MATERIAL PROVIDED
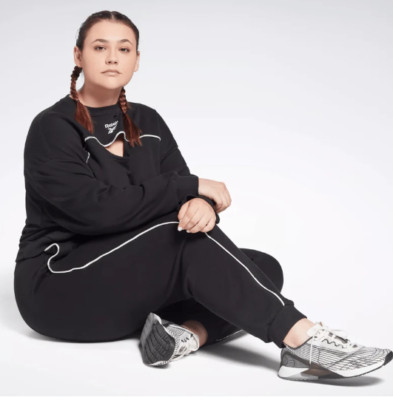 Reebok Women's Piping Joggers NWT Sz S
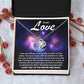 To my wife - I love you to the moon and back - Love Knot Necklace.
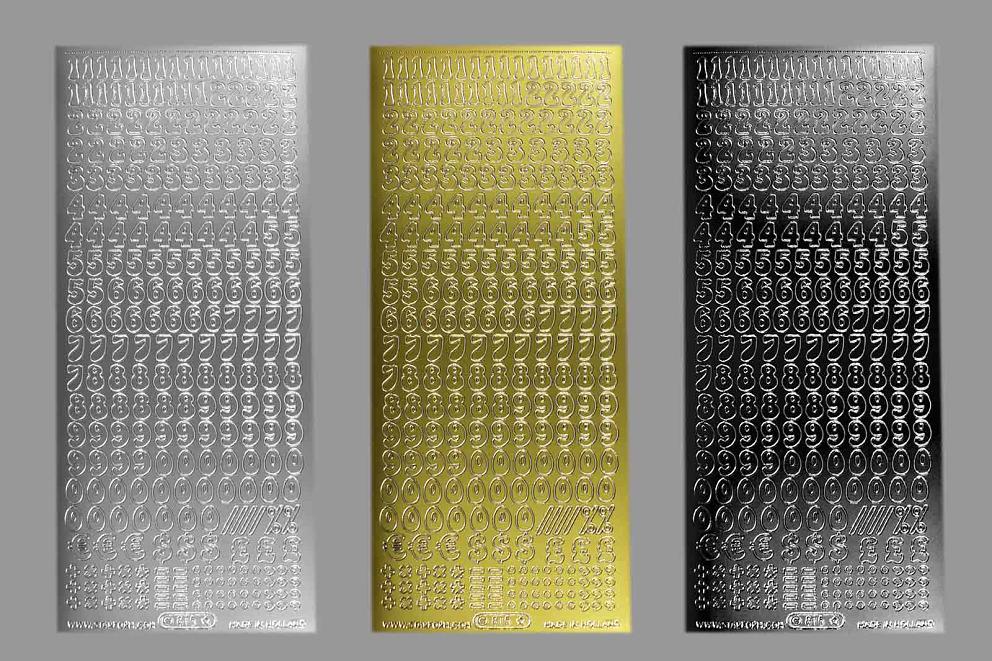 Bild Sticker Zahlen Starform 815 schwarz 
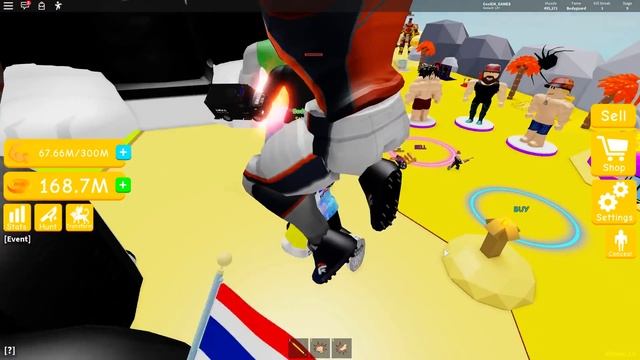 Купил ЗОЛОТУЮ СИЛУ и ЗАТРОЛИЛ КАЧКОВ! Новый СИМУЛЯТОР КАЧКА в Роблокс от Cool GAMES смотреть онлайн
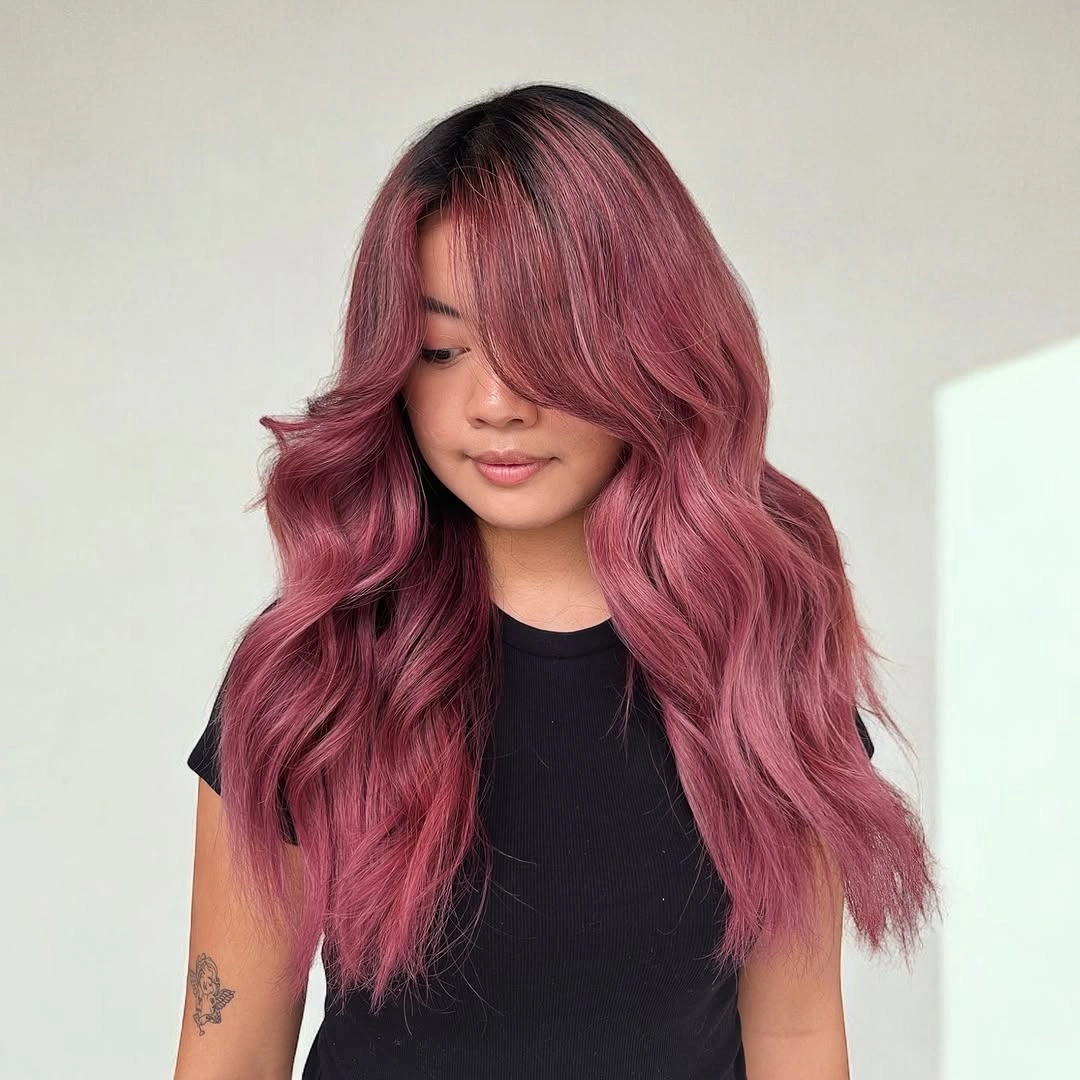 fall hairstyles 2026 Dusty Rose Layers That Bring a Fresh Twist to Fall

...

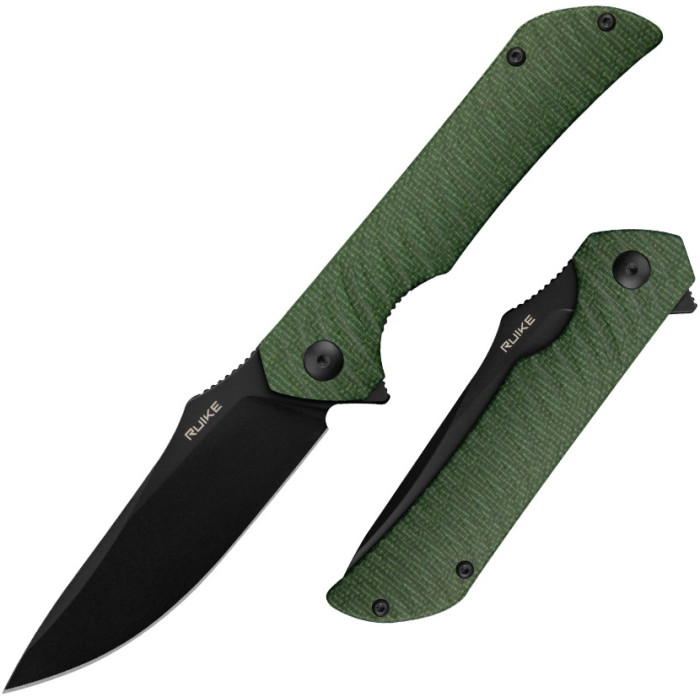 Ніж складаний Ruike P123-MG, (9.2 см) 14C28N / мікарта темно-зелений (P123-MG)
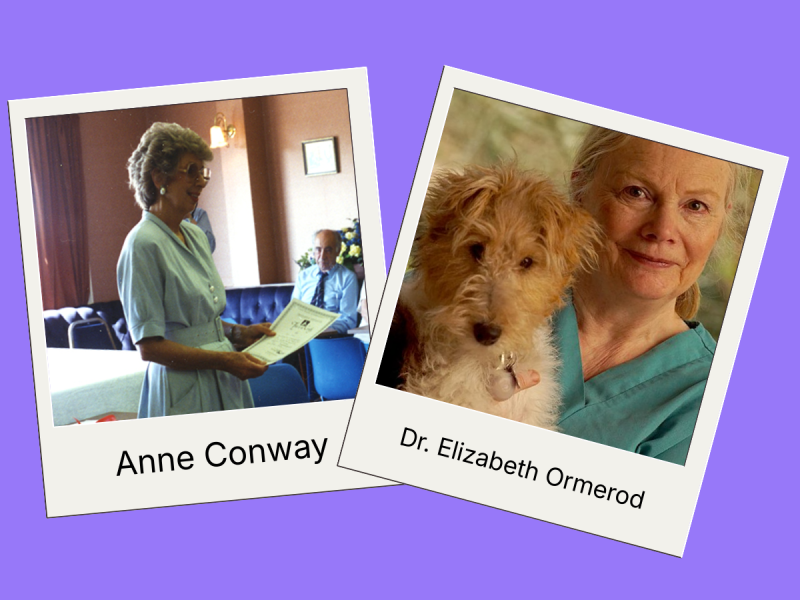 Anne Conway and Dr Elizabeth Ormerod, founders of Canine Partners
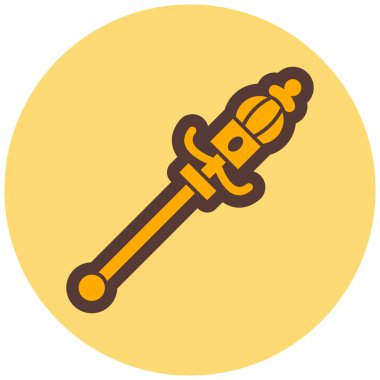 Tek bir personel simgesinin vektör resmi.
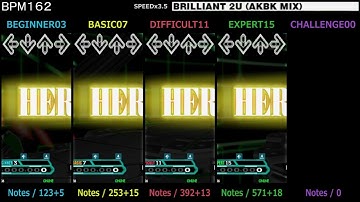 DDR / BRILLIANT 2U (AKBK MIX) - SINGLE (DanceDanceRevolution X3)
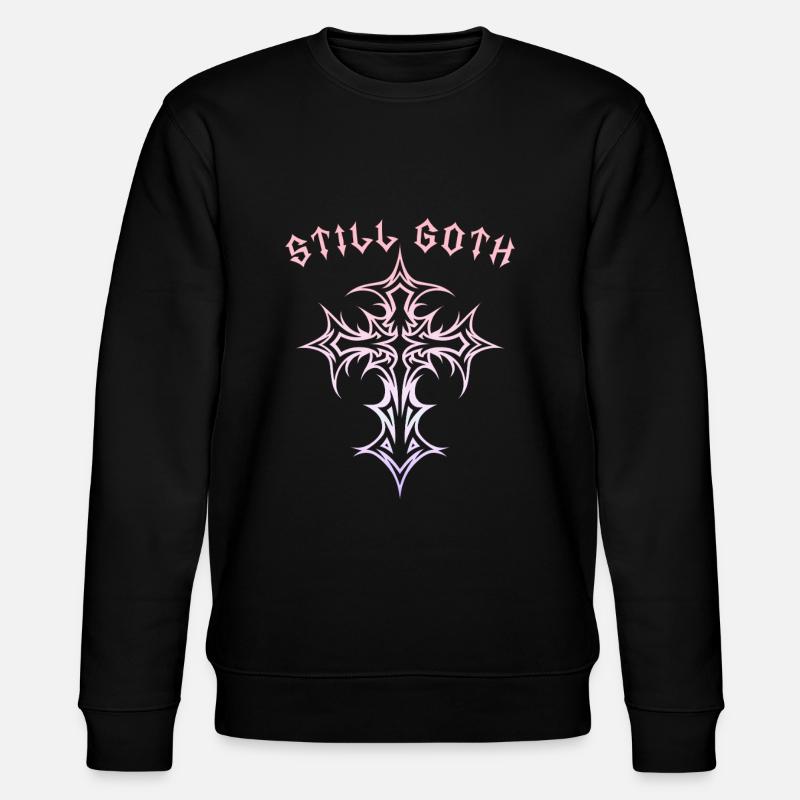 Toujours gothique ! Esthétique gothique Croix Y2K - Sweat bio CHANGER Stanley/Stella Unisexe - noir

EXERCISE GOAL
Beginning at the line that has "Купил ЗОЛОТУЮ СИЛУ" and ending at the line that has "fall hairstyles 2026", restate the listing above word for word, pictures left out.

SOLVED PROBLEM
 Купил ЗОЛОТУЮ СИЛУ и ЗАТРОЛИЛ КАЧКОВ! Новый СИМУЛЯТОР КАЧКА в Роблокс от Cool GAMES смотреть онлайн
 fall hairstyles 2026 Dusty Rose Layers That Bring a Fresh Twist to Fall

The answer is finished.